═══ DATA FOR ANALYSIS ═══

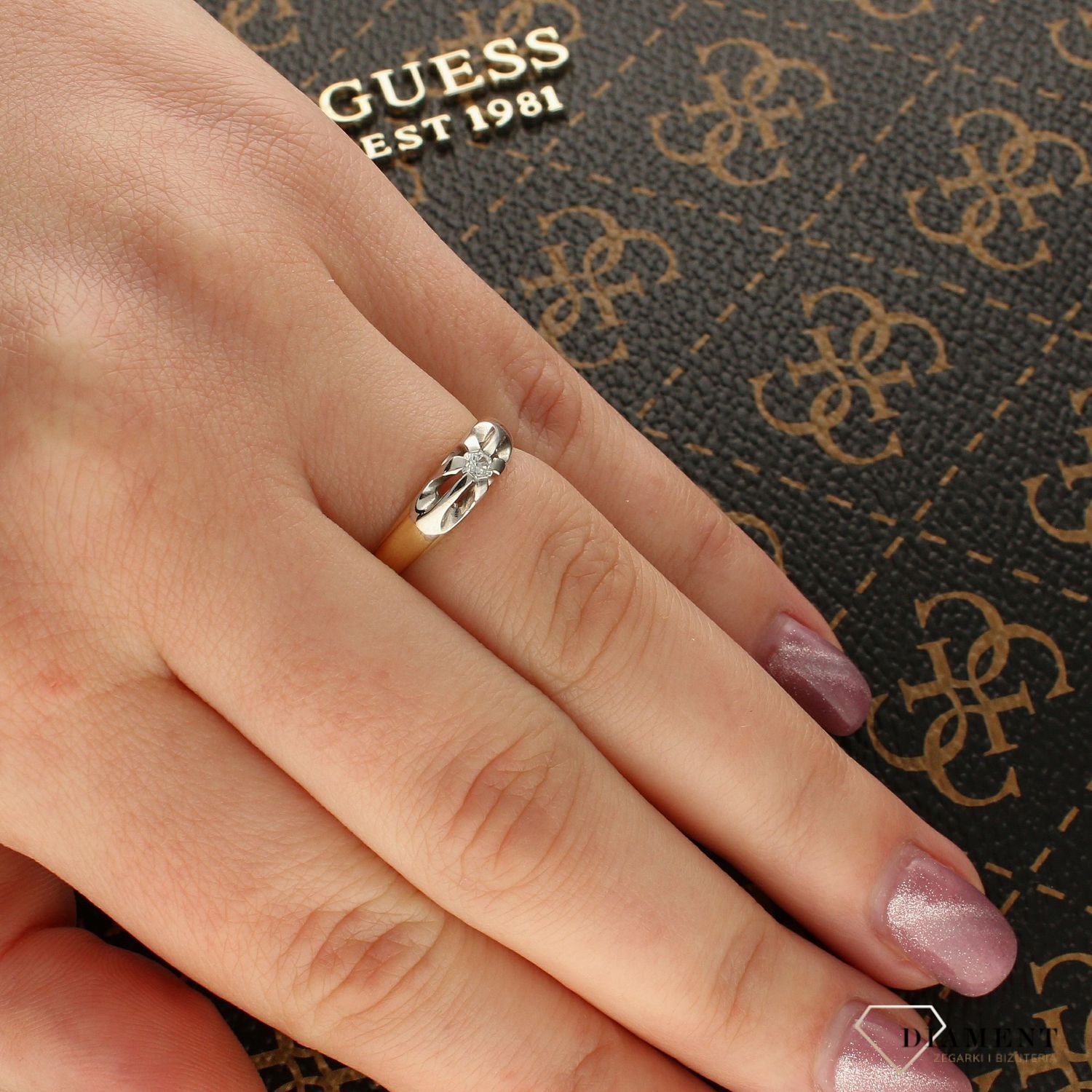 Elegancki pierścionek z żółtego i białego złota 585 z uniesionym diamentem 0,08 ct. Czystość P1, barwa W. Klasyczny styl z certyfikatem autentyczności. Idealny prezent.1.jpg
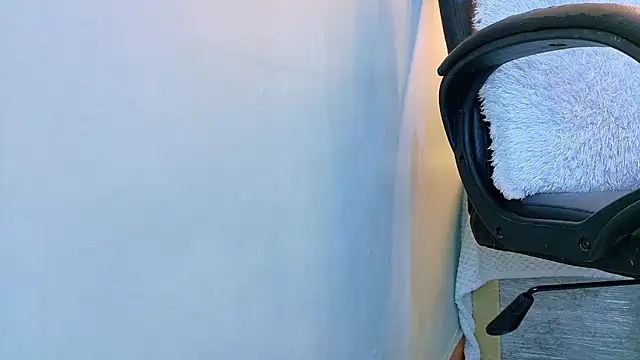 Snapshot of Angel_saez chatting on November 26, 2025, 10:48 am Angel saez online show from November 26, 2025, 10:48 am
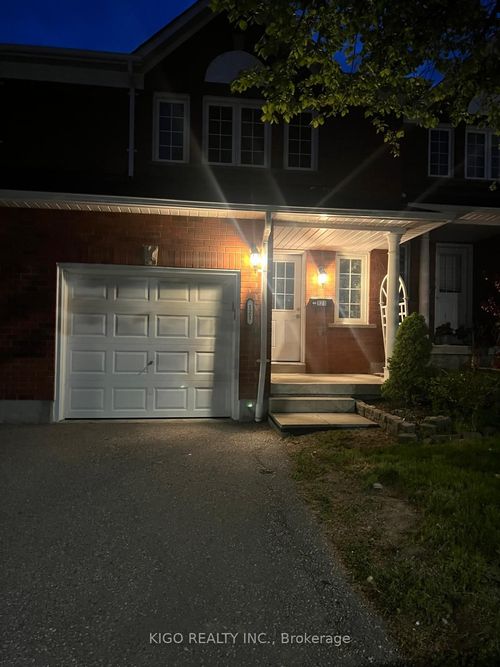 121-10 Bassett Boulevard, Whitby, ON, L1N9C3 | Card Image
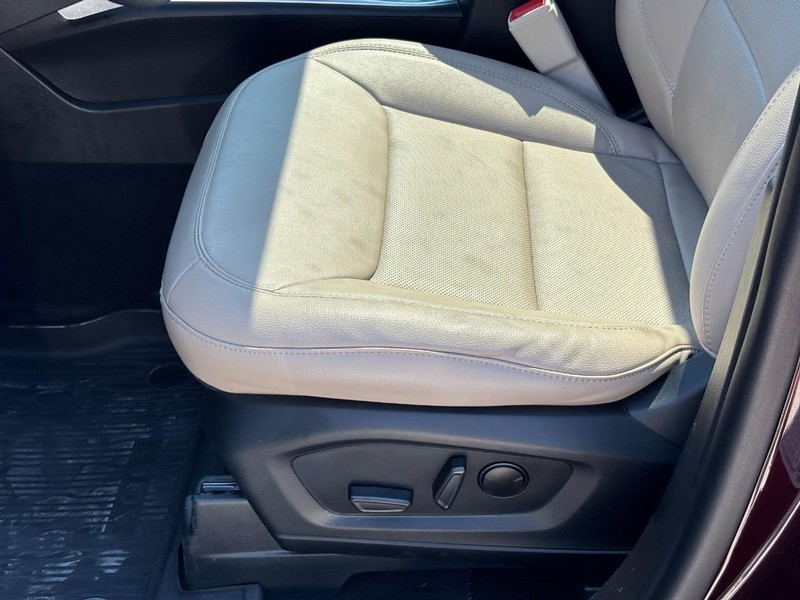 Ford Explorer Vehicle Full-screen Gallery Image 18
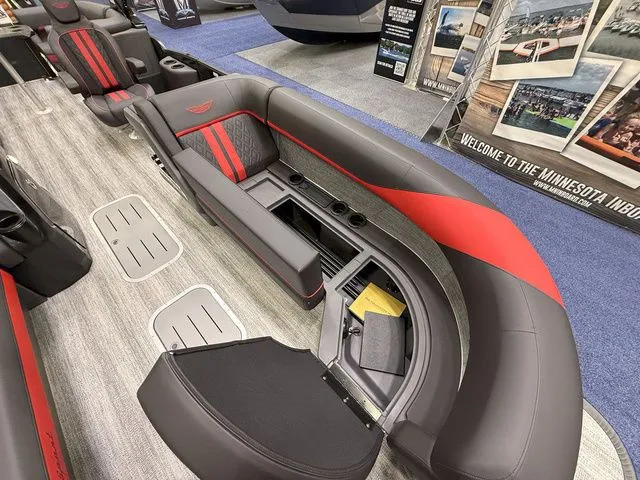 Slide: The Image of Bennington M Quad Bench 24 MFB Tritoon 2025 - 8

═══

■ **EXERCISE REQUIREMENTS**
Keep the pictures out of your copy, and repeat every entry above exactly.

■ **EXERCISE ANSWER**
 Elegancki pierścionek z żółtego i białego złota 585 z uniesionym diamentem 0,08 ct. Czystość P1, barwa W. Klasyczny styl z certyfikatem autentyczności. Idealny prezent.1.jpg
 Snapshot of Angel_saez chatting on November 26, 2025, 10:48 am Angel saez online show from November 26, 2025, 10:48 am
 121-10 Bassett Boulevard, Whitby, ON, L1N9C3 | Card Image
 Ford Explorer Vehicle Full-screen Gallery Image 18
 Slide: The Image of Bennington M Quad Bench 24 MFB Tritoon 2025 - 8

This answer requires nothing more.